Many studies show that some people can thrive when caring for others. The role of caregiving may help to strengthen connections to a loved one, and lead to a sense of joy and fulfillment and being appreciated in looking after others.
However, some people can find this new role overwhelming. They have no training or special skills. They feel they have to take on the complex demands without asking for help. Care partners may begin to ignore their own needs in this role, and can report a variety of health problems from ignoring their own needs in lieu of another.
Taking care of a loved one can be physically and emotionally demanding, and create high levels of stress. Decades of National Institutes of Health-funded research show that supportive educational programs for care partners can improve their own quality of life and reduce depression. Care partners need to know it is important to care of themselves.
Caring for someone living with dementia can have many rewards. For most care partners, being there when a loved one needs you is a core value. However, it can be time-consuming, and can bring with it feelings of frustration, exhaustion, loneliness and sadness. Care partner stress—both emotional and physical—is very real and very common. The emotional and physical demands involved with caregiving can strain even the most resilient person.

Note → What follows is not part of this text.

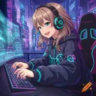 Selected profile picture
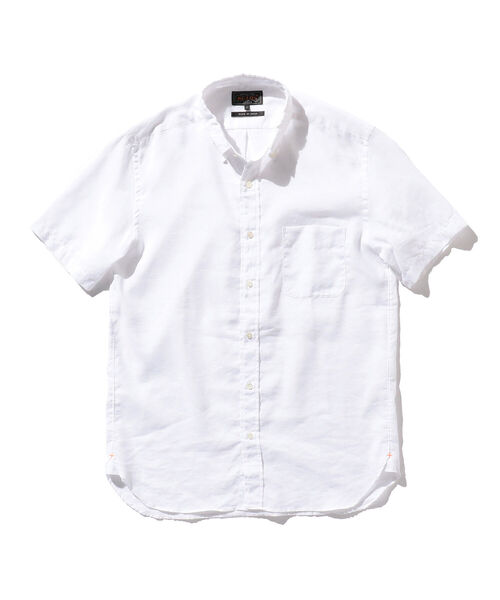 BEAMS+（ビームスプラス） シャツ 「ビームスの百名品」COOLMAX(R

Care partners may find themselves taking on a new role in the relationship as their partner’s memory declines. The person living with dementia may no longer be able to perform certain tasks, such as balancing the checkbook, doing the taxes, handling financial and legal matters and doing certain household chores. Making important decisions on their own may feel overwhelming, but others may need to encourage them to turn to family, friends, professionals or community resources for assistance, as needed.
Some signs that care partners are experiencing unmanageable stress include:
For care partners, the horses in the Connected Horse program can be great equalizers. They don’t have to carry the role of care partner. The horses react to participants and can help each participant see how their stress and energy impacts themselves, the horses and others. The horses don’t acknowledge the role of care partner or person living with a dementia diagnosis.
We have seen dyads become more aware that each one of them is capable, can learn and most importantly can connect. The horses, care partners and the persons living with dementia often become a triad. Being with nonjudgmental horses in the moment can allow care partners to ease resentment and restore a sense of joy and wholeness. Being centered, in the moment, may increase a care partner’s willingness to accept help from others.